Ruthless entrepreneurs, such as Phil Knight and Bill Gates, have amassed great fortunes making and selling stuff that has improved the quality of our lives. As a society we love their talent and ingenuity, and voluntarily contribute to their extraordinary wealth by purchasing their products, therefore most every penny they have is well earned. As a matter of fact, most Americans do direct business with most of America’s Fortune 100 companies. These companies, excepting the conglomerates like Berkshire Hathaway, directly provide the products and services we need and want. They earn their wealth directly from consumers. Even if you eschew these mega-companies for their smaller competitors, a bit of profit is built into every dollar you spend, no matter where.

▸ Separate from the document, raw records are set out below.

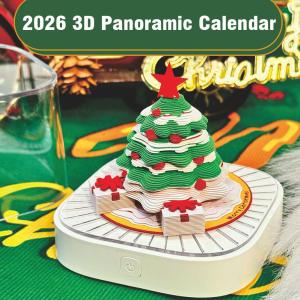 Christmas Advent Calendar 2025 3D Tree House Memo Pad & Desktop Organizer Holiday Gift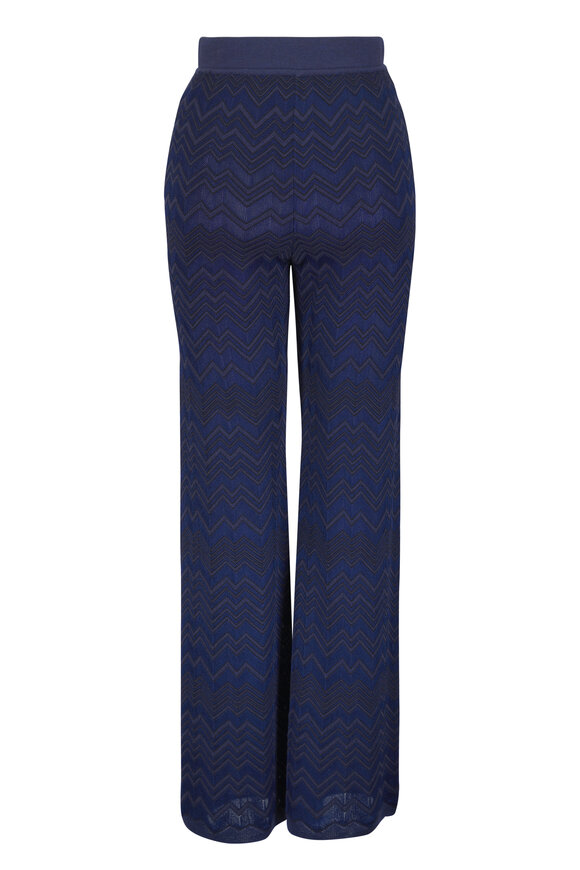 Missoni Blue & Black Straight Leg Pant - view 3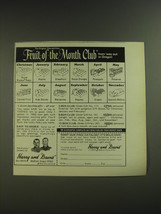 1974 Harry and David Fruit-of-the-Month Club Advertisement - £14.53 GBP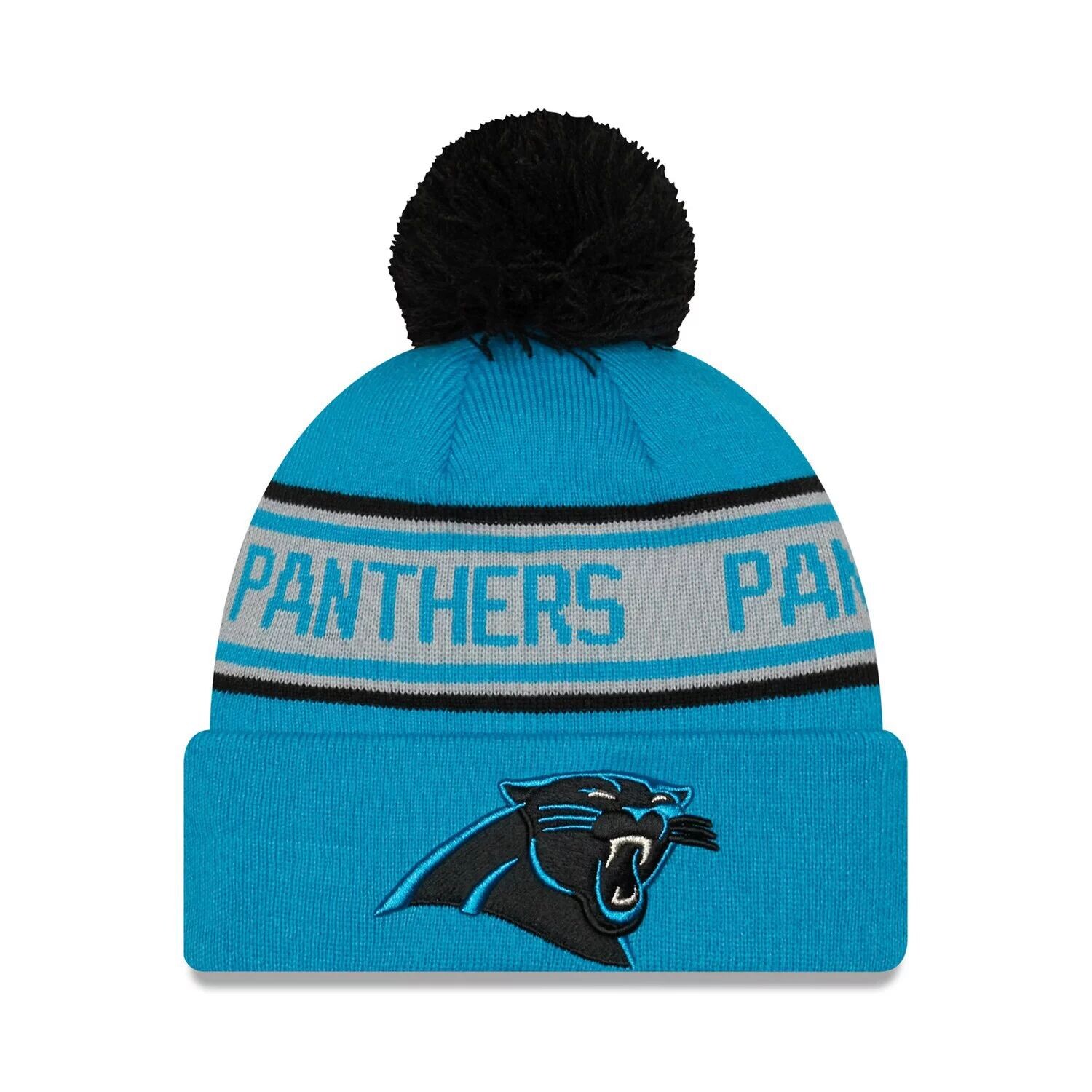 Мужская вязаная шапка New Era Blue Carolina Panthers с повторяющимися манжетами и помпоном
Мужская вязаная шапка New Era Blue Carolina Panthers с повторяющимися манжетами и помпоном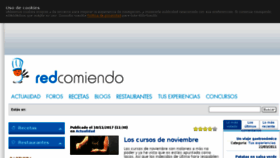 What Redcomiendo.com website looked like in 2018 (6 years ago)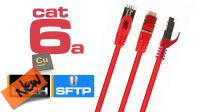 GBR 9720 : Cable de Red Cat.6A S-FTP LSZH RJ45 Rojo AWG27 (20 m)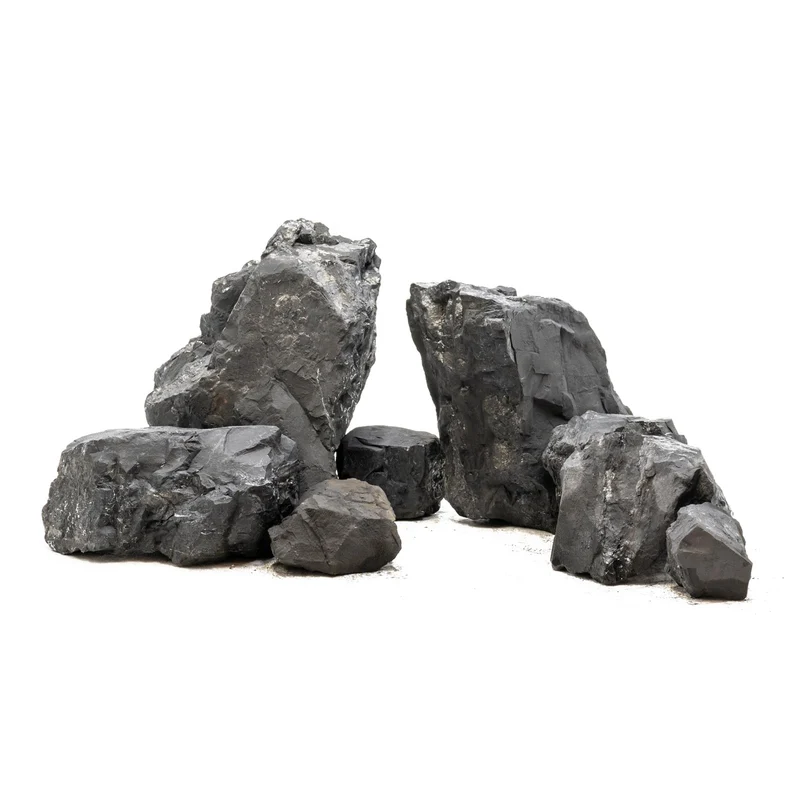 Unocho Roches d'Aquarium Naturelles - Lot de 5 lb (4 pièces) pour Aquascaping et Décoration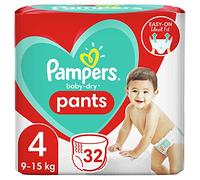 Pampers Baby-Dry Pants Couche-Culotte, Blanc, Taille 4, 32 Unités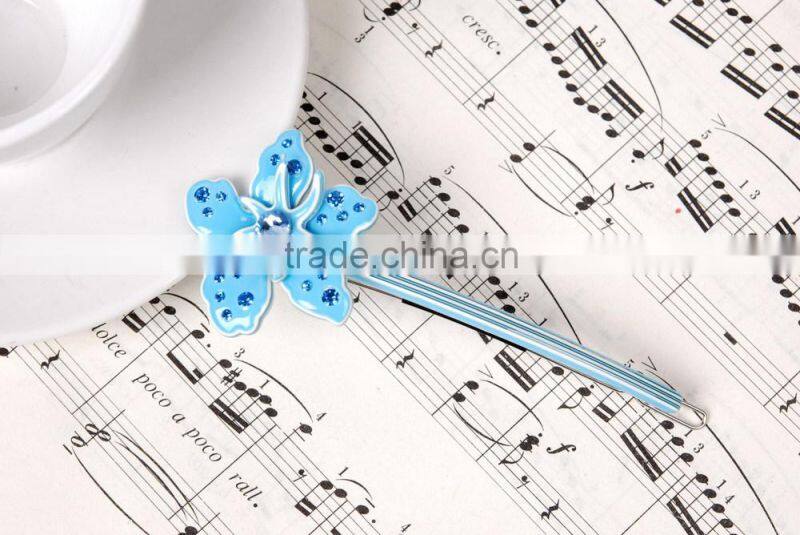 Cellulose acetate hair accessories children hair grips child baby hair clip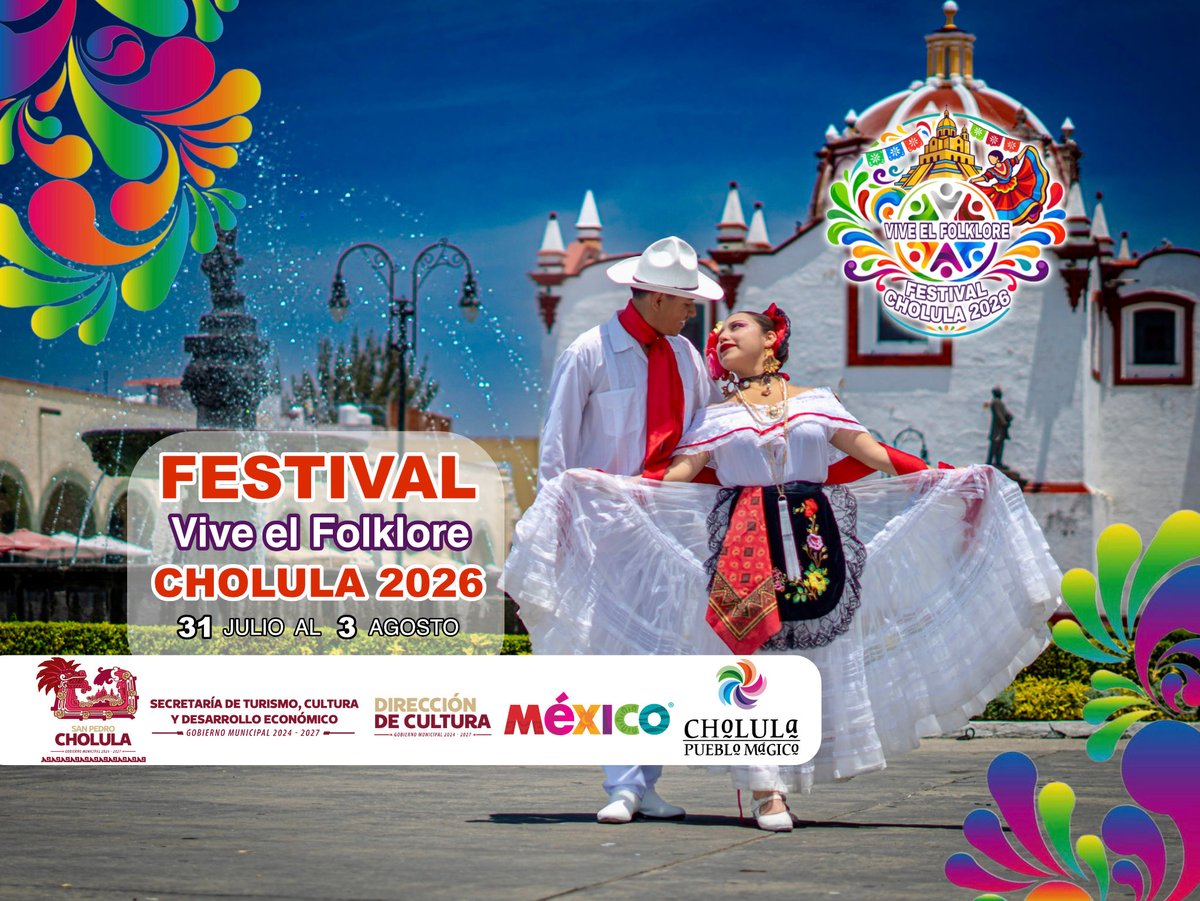 viveelfolklore's tweet photo. Hay encuentros que dejan huella…

Aquí compartes escenario y también historias con grupos de todo México.

🎭 Festival Vive el Folklore en Cholula 2026
📅 31 julio al 3 agosto

Regístrate:
https://t.co/WxZCKc9YQK

#ViveElFolklore #Cholula2026 #FolkloreMexicano #DanzaTradicional https://t.co/TZkdYJ1AIn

Profit is not the problem. How a person or company generates profits, and how they utilize those profits are the spiritually defining actions. For instance, Warren Buffett, a very congenial, grandfatherly fellow, does not really create any goods or services. Unlike Bill Gates and Phil Knight, his job is to simply generate money for the sake of money. For instance, I own a nice pair of Tony Lama boots. Mr. Buffett does not know the first thing about boots, but he did buy the Tony Lama name in 2000, so a portion of the money I paid for those boots went to Mr. Buffett. He makes his money by buying low and selling high. He buys other men’s creations, tries to make them more efficient and then skims the profits. Rather than earning money, he acquires it, and that tends to lean towards falling under the auspices of avarice. While he seems a pleasant, amenable fellow, his character – what he takes to the grave – will ultimately be determined by what good he does the world with the fathomless mass of wealth he has very cleverly acquired over the course of his life. It is a state of being I do not envy. Will he build bigger barns or will he see fit to make the world a better place for humanity? It is entirely up to him. What ever he decides, when he dies he takes only his character with him. Do not get me wrong. I know nothing about Warren Buffett the man or his intentions. He simply and eloquently demonstrates the fork in the road that every man and woman of his stature faces every day when they wake up in the morning. Do they bring succor to the lowly, or do they keep for themselves what they can never use? The very reason I mention Warren Buffett, Phil Knight, and Bill Gates here is that, regardless of what they have done along the way, they have become generous men who charitably give a substantial portion of their success to help improve the conditions of their fellow man. Of the 100,000 or so Americans who possess luxurious wealth, these men are now setting the good example when it comes to sustained philanthropy, and they make a difference.


Ultimately, greed is an unbridled, unrestrained, and insatiable state of mind. It is the main gateway to the Seven Deadly Sins. Greed suffers no logic or rational mind, therefore cannot be debated. It will never admit defeat and cannot be killed, for it lives in us all. It revels in the violation of God’s commandments. Greed promises euphoric contentment, yet only delivers a debased, sadistic misery to those who embrace it tenets. First it is callous, then it is autocratic, and then it grows cruel as it tries to rob others of the one thing it can never attain – peace of mind. Its only weakness is that everyone is free to reject it. Every person, rich or poor, who is beholden to greed, does so voluntarily. Thankfully, many of America’s wealthiest eventually see past the false promise of greed and begin to give of their largess in hopes of making the world a better place. Shamefully, some do not… at least not yet… but there is always tomorrow.